== Work instruction ==
After going through the data below, state how many lines contain "Leather", and nothing else.

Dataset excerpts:
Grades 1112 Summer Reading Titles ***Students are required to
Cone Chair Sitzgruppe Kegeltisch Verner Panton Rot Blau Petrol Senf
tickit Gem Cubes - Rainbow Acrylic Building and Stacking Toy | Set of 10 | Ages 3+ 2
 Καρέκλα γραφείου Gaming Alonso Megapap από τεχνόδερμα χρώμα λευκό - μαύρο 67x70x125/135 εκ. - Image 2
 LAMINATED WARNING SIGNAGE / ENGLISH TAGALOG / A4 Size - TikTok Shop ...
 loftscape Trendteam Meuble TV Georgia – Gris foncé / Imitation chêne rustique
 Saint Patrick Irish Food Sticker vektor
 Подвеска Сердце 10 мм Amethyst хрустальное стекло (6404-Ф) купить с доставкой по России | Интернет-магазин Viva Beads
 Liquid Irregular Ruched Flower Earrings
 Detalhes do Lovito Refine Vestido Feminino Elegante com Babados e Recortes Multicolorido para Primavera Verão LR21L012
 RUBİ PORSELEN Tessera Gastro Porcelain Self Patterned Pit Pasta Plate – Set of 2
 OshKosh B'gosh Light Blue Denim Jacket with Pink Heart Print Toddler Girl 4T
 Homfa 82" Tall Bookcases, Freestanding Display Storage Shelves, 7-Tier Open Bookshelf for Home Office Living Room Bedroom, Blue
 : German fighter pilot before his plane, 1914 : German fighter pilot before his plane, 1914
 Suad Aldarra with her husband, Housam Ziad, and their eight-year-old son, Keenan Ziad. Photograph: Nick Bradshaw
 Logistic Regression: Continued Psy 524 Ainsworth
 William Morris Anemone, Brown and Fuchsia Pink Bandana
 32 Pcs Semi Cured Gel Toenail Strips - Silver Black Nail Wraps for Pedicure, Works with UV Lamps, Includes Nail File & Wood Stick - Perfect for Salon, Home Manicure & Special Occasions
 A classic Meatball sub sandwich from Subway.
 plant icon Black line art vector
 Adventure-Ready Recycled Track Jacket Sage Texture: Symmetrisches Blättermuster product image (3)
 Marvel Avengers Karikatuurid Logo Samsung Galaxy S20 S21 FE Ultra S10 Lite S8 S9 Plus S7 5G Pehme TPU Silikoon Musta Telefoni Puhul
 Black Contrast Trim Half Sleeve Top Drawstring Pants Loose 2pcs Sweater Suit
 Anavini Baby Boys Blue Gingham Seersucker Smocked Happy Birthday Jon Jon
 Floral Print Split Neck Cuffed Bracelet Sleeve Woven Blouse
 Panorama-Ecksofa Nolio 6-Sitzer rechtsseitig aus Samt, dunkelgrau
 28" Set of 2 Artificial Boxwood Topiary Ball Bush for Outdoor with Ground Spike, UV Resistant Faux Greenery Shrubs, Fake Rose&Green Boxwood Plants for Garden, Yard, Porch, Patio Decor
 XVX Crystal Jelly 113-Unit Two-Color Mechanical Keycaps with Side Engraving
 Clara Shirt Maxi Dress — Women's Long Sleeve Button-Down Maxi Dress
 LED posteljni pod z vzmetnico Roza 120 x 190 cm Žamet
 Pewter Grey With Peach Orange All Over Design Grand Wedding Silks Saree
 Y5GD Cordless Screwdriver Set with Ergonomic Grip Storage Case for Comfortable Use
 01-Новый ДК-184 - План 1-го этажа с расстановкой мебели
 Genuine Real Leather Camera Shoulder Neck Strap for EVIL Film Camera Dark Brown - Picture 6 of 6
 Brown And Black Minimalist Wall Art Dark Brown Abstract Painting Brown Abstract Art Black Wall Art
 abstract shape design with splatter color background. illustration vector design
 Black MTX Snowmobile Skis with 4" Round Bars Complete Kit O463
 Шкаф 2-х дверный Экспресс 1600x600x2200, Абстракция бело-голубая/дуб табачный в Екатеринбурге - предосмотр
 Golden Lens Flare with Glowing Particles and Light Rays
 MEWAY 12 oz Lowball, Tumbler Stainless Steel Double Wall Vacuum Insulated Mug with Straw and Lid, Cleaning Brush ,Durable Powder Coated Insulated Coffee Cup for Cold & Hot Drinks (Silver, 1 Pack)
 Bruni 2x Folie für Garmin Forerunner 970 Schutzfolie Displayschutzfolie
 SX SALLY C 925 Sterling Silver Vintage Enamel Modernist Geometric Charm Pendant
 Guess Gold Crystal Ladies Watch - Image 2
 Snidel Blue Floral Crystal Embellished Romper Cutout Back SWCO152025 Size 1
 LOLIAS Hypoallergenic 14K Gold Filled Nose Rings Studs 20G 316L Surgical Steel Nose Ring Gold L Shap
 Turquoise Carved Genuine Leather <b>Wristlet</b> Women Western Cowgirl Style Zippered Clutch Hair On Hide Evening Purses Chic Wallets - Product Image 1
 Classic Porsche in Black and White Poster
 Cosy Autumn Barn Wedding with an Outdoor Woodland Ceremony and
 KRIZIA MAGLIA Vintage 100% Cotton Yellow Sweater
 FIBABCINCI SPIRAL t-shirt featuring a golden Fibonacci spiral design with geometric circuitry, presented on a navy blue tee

== Exercise response ==
2